As a side note, I had a terrible time photographing the colors in this yarn.  All my pictures came out too dark or too washed out or too blue or too red or too yellow.  I did some extensive adjusting in Photoshop, so if the color looks weird on your monitor, that's probably why.  In real life, the yarn is mainly turquoise and purple, with some sapphire blue and sea green.  Really, really pretty.  Imagine it somewhere in between all the pictures that are in this post.

pretty yarn

This yarn represents a pretty large time investment:
  • ~38 hours to spin the singles on my Kuchulu (calculated based on the time to spin 1 gram, tested 3 times)
  • 9.5 hrs to ply on my wheel
  • 0.5 hr to wind off the bobbin onto the skeinwinder
  • 0.5 hr to count the wraps in the skein
  • 0.5 hr to rewind the skein after washing
I am thrilled with the final yarn.  It's so soft and has such a lovely sheen.  I can't stop petting the skein. I didn't take any special care to match the color sections as I plyed, I just let the barberpoling happen as it would.  It turned out with good distinct runs of color, and should look lovely when woven.

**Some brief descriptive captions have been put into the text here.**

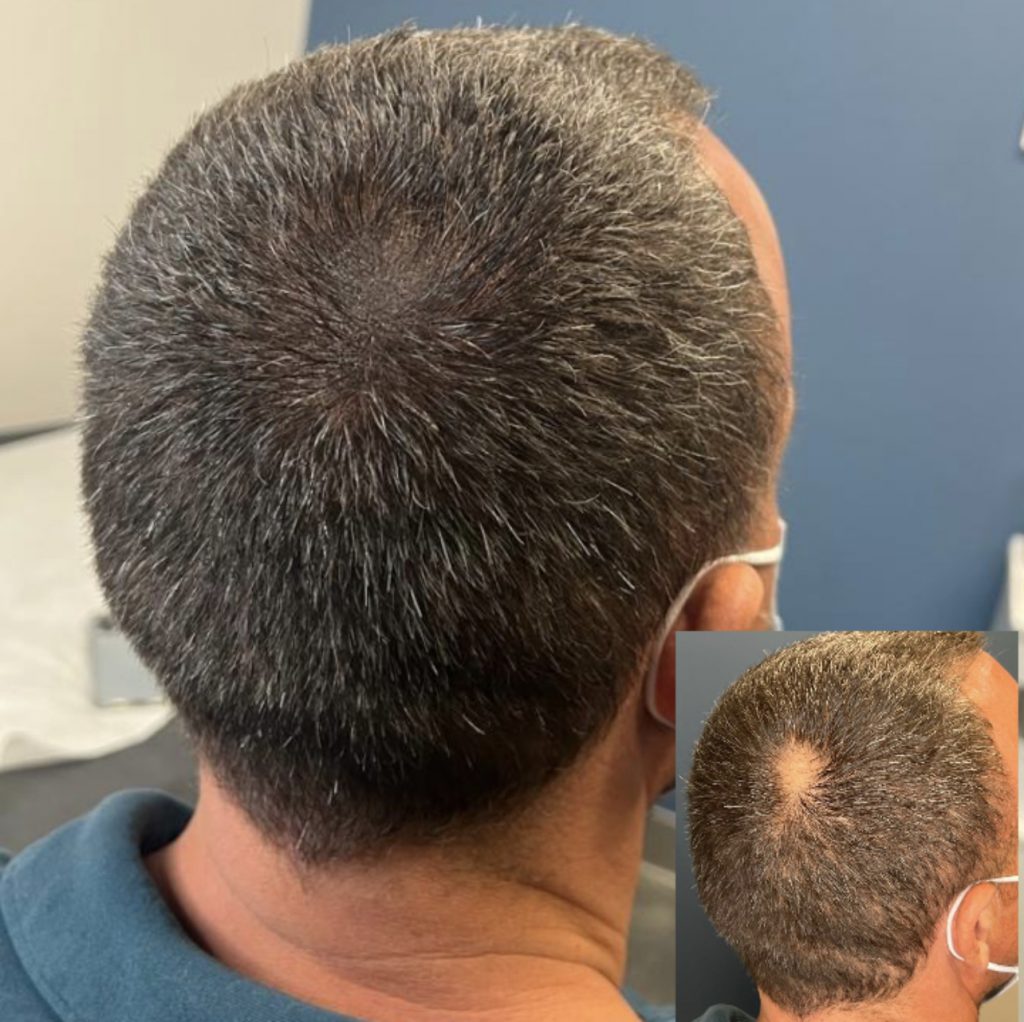 bald spot micropigmentation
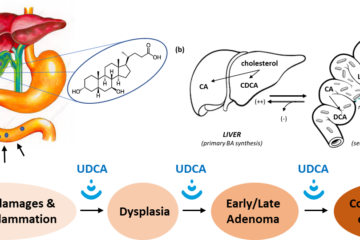 Ursodeoxycholic acid and cancer: From chemoprevention to chemotherapy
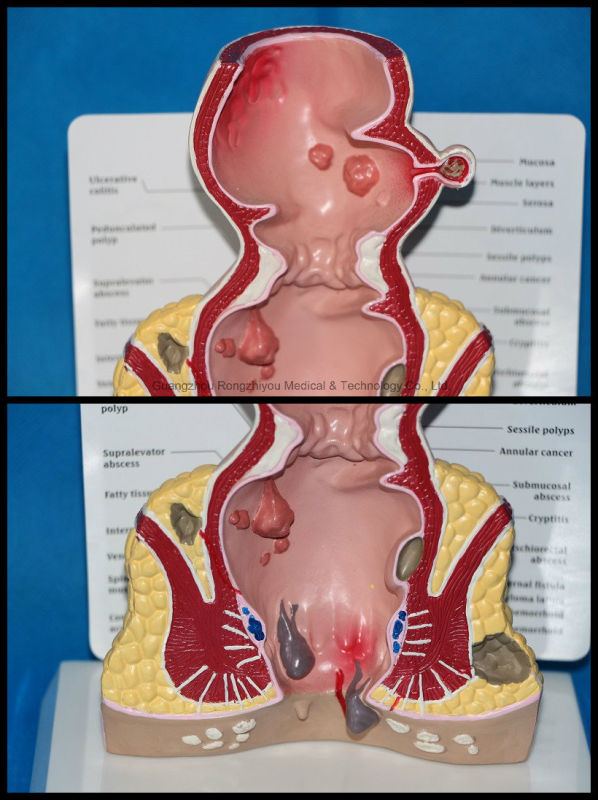 Pathological Model Rectum Anatomical Model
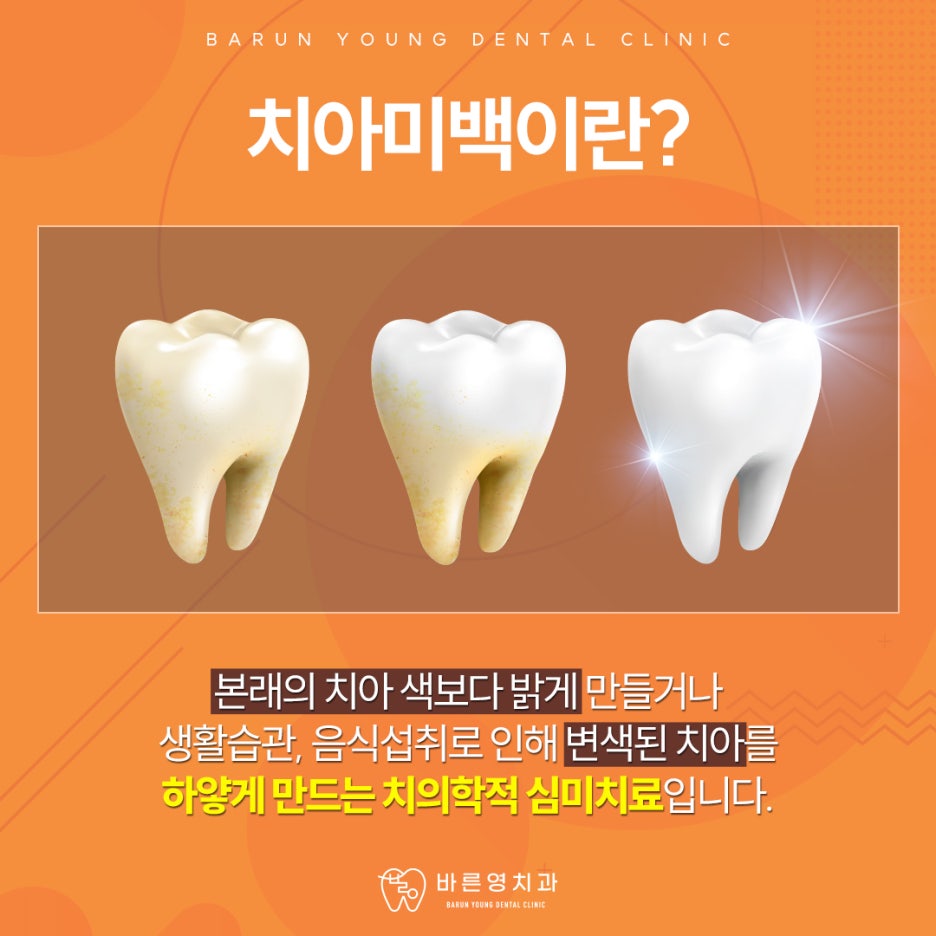 신당역치과 치아미백, 구강건강까지 지킬 수 있어야 관련 이미지 1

To close, let's just take a moment to ponder the fact that 2,068 yards is 1.2 miles.  Of yarn.  Of 2-ply yarn.  That means approximately 2.4 miles of singles.  From 4 oz of fiber. Spun on a spindle.

pretty yarn

Thursday, February 23, 2012

I feel empowered this morning.

When Emma and I were eating breakfast, I happened to look out the window and saw that the rear passenger tire on my car was completely flat.  Pancake flat.  Yikes!  What am I going to do now??!!

So I simply went out, took off the flat tire and put on the spare.  Emma packed up her bag, and was ready to go when the car was ready.  We took ourselves to the closest gas station, topped off the pressure in the spare and the rest of the tires, and off we went.  I called the repair place from the parking lot of her school, and they said they have time this morning to look at it.

Emma got to school on time, I dropped the car off at the repair place to get the tire fixed (and an oil change, also needed), and then walked half a mile to my office.  I was 20 minutes late, but I got here in time for my meeting.

All is well.  I am invincible.

RAWR!

Sunday, February 19, 2012

TA  DA!  A major milestone was accomplished at 10:30 last night.  I finished spinning the singles of my 4-oz braid of Fiber Optic "Catamaran" merino/bamboo top!

All spun up!

I can't believe it's done.  I'm excited to see the finished yarn but also sad, because I so thoroughly enjoyed spinning this.  I started at the end of August, and it took a long time because I spun the fiber ridiculously fine and mostly had it as a travel project.  It was on the go for almost exactly six months.  The bulk of these singles were spun at our weekly Crafty Night at Anne's house.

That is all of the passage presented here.